Gradient Descent For Perceptron¶

Algorithm¶

Algorithm

\[ \begin{array}{l} \text{Gradient Descent} \\ \\ L = \underset{w, w_2, b}{\text{argmin}} \\ \\ L = \frac{1}{n} \sum_{i=1}^{n} \max(0, -Y_i f(x_i)) \\ \text{where } f(x_i) = w_1 x_{i1} + w_2 x_{i2} + b \\ \\ \text{for } i \text{ in epoch} \\ \quad w_1 = w_1 + \eta \frac{\partial L}{\partial w_1} \\ \quad w_2 = w_2 + \eta \frac{\partial L}{\partial w_2} \\ \quad b = b + \eta \frac{\partial L}{\partial b} \end{array} \]

Partial Derivative

\[ \frac{\partial L}{\partial w_1} = \frac{\partial L}{\partial f(x_i)} \cdot \frac{\partial f(x_i)}{\partial w_1} \]

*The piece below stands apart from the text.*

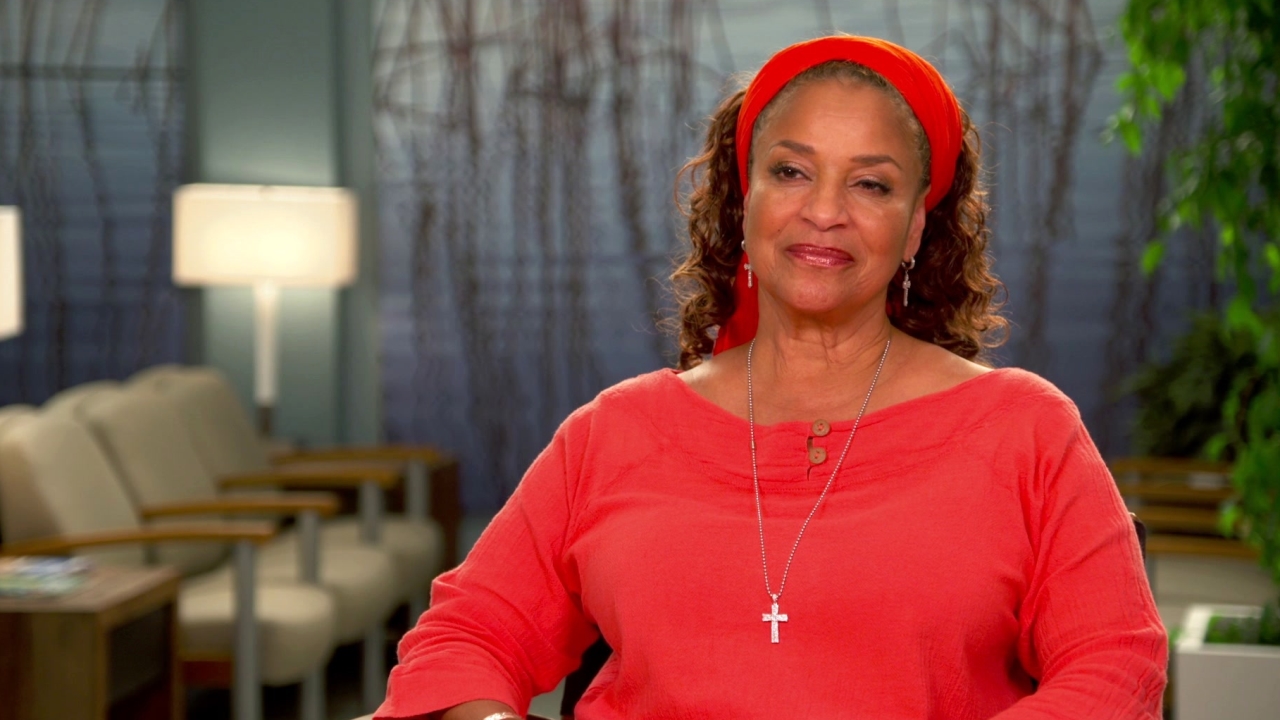 Grey's Anatomy: Debbie Allen, Executive Producer, On What It Means To Reach The 300th Episode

Partial Derivative of Loss w.r.t. \(f(x_i)\) ---

\[ \frac{\partial L}{\partial f(x_i)} = \begin{cases} 0 & \text{if } 1 - Y_i f(x_i) \leq 0 \\ -Y_i & \text{if } 1 - Y_i f(x_i) > 0 \end{cases} \]
Partial Derivative of \(f(x_i)\) w.r.t. \(w_1\) ---

\[ \frac{\partial f(x_i)}{\partial w_1} = \frac{\partial}{\partial w_1} (w_1 x_{i1} + w_2 x_{i2} + b) = x_{i1} \]

Similarly for the \(w_1\), \(w_2\), and bias (\(b\))

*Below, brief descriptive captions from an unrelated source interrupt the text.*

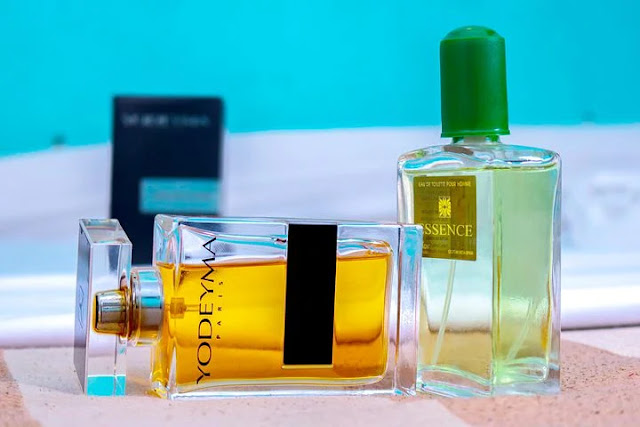 أفضل 5 عطور نسائيه فخمة عليك تجربتها luxury women's fragrance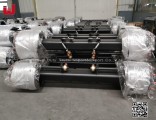 Heavy Duty Trailer Axles Manufacturers 13t|16tons Axle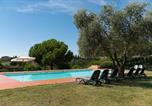 Location vacances  Province de Sienne - Green Hill Apartment In Tuscan Countryside-1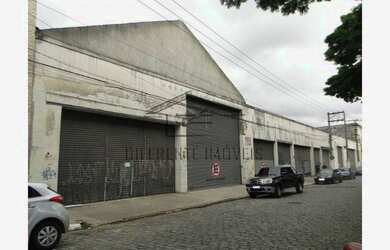 Imagem 3: GALPÃO / DEPOSITO / ARMAZÉM PARA LOCAÇÃO NO BRÁS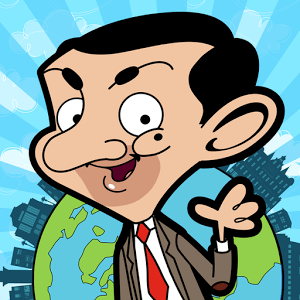 Mr Bean: Around The World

\[ \begin{array}{l} \frac{\partial L}{\partial w_1} = \begin{cases} 0 & \text{if } Y_i f(x_i) \geq 0 \\ -Y_i x_{i1} & \text{if } Y_i f(x_i) < 0 \end{cases} \\ \\ \frac{\partial L}{\partial w_2} = \begin{cases} 0 & \text{if } Y_i f(x_i) \geq 0 \\ -Y_i x_{i2} & \text{if } Y_i f(x_i) < 0 \end{cases} \\ \\ \frac{\partial L}{\partial b} = \begin{cases} 0 & \text{if } Y_i f(x_i) \geq 0 \\ -Y_i & \text{if } Y_i f(x_i) < 0 \end{cases} \end{array} \]